Selçuk Üniversitesi Meram Tıp Fakültesi Endokrinoloji Anabilim Dalı Öğretim Üyesi, Türk Diyabet Cemiyeti Konya Şube Başkanı Yrd. Doç. Dr. Sait Gönen, aşırı sıcakların, metabolizmaya fazladan yük bindirmesi nedeniyle birçok hastalıkta tetikleyici rol oynadığını söyledi.

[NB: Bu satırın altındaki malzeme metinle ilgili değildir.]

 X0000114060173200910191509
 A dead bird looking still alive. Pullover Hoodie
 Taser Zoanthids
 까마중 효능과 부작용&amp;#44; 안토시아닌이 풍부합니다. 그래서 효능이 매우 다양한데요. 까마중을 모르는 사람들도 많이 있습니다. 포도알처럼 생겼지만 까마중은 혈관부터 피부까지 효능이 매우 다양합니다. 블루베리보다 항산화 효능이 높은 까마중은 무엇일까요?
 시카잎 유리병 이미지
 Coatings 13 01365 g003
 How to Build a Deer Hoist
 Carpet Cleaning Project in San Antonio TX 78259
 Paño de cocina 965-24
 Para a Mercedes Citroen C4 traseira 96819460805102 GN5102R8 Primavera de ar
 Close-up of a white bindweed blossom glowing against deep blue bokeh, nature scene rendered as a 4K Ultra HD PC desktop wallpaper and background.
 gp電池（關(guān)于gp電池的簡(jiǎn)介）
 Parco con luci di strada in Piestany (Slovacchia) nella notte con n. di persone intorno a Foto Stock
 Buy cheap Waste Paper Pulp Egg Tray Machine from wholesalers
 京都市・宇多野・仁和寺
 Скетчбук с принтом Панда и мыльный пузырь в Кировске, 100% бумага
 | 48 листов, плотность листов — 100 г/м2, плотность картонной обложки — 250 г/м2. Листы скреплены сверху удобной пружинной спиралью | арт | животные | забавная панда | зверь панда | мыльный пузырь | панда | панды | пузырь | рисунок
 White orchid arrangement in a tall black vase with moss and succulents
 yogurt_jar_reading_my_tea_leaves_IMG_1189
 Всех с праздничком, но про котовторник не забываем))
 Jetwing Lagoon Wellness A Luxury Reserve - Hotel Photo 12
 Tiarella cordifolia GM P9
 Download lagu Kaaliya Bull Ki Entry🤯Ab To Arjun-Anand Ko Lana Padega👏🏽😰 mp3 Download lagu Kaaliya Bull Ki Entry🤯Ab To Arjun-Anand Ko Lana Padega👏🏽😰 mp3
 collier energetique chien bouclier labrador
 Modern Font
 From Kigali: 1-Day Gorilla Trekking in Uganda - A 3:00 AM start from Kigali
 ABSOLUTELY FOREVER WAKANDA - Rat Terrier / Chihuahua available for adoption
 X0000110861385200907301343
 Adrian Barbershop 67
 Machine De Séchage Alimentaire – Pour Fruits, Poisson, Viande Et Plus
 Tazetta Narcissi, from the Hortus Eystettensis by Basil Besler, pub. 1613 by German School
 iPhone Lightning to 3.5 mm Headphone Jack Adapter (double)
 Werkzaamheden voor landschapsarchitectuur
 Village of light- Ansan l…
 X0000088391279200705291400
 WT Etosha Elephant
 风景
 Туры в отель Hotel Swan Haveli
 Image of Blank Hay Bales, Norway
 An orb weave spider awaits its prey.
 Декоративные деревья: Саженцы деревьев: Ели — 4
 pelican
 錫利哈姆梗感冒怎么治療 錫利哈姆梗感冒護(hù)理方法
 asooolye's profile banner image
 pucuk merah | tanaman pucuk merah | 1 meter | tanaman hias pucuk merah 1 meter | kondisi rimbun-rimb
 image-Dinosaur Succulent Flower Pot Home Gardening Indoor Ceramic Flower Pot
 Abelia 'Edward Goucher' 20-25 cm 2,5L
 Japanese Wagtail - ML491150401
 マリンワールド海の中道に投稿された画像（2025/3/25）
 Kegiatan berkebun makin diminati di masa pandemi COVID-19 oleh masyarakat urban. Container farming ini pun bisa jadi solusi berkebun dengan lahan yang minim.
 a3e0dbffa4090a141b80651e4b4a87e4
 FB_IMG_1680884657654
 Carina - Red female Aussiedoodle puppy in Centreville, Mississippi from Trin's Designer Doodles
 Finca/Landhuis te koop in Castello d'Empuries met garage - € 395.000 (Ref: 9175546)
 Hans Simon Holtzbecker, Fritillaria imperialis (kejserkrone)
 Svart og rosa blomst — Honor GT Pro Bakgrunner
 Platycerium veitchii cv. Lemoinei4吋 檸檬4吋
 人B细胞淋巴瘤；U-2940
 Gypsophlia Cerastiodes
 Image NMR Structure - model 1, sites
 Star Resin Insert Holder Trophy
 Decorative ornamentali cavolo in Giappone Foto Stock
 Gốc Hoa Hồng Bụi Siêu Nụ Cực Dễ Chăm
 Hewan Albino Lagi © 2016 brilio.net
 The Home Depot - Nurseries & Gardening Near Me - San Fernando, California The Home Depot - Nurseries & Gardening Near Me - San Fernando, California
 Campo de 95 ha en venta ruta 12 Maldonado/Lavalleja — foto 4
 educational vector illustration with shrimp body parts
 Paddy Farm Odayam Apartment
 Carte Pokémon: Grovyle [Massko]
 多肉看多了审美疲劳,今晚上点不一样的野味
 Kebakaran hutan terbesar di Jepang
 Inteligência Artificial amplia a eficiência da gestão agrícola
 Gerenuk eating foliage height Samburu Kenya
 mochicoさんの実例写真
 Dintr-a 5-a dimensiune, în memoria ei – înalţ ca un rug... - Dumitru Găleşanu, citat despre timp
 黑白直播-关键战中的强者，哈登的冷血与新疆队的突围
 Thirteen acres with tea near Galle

Yaz aylarındaki boğucu sıcakların, temel nedeni sıvı kaybı olan şeker hastalığı için daha büyük risk oluşturduğunu vurgulayan Gönen, "Türkiye'de sayıları milyonları bulan şeker hastaları, olumsuz durumlarla karşılaşmamaları için yaz aylarında sağlıklarına daha fazla dikkat etmelidir" dedi.
Son yıllarda kalp-damar hastalıkları kategorisinde değerlendirilen bu hastalığın, kandaki şeker değerinin, normal değerlerin üzerine çıkmasıyla oluştuğunu anlatan Gönen, hastalığın yüzde 80 oranında hipertansiyonla birlikte seyrettiğini belirtti.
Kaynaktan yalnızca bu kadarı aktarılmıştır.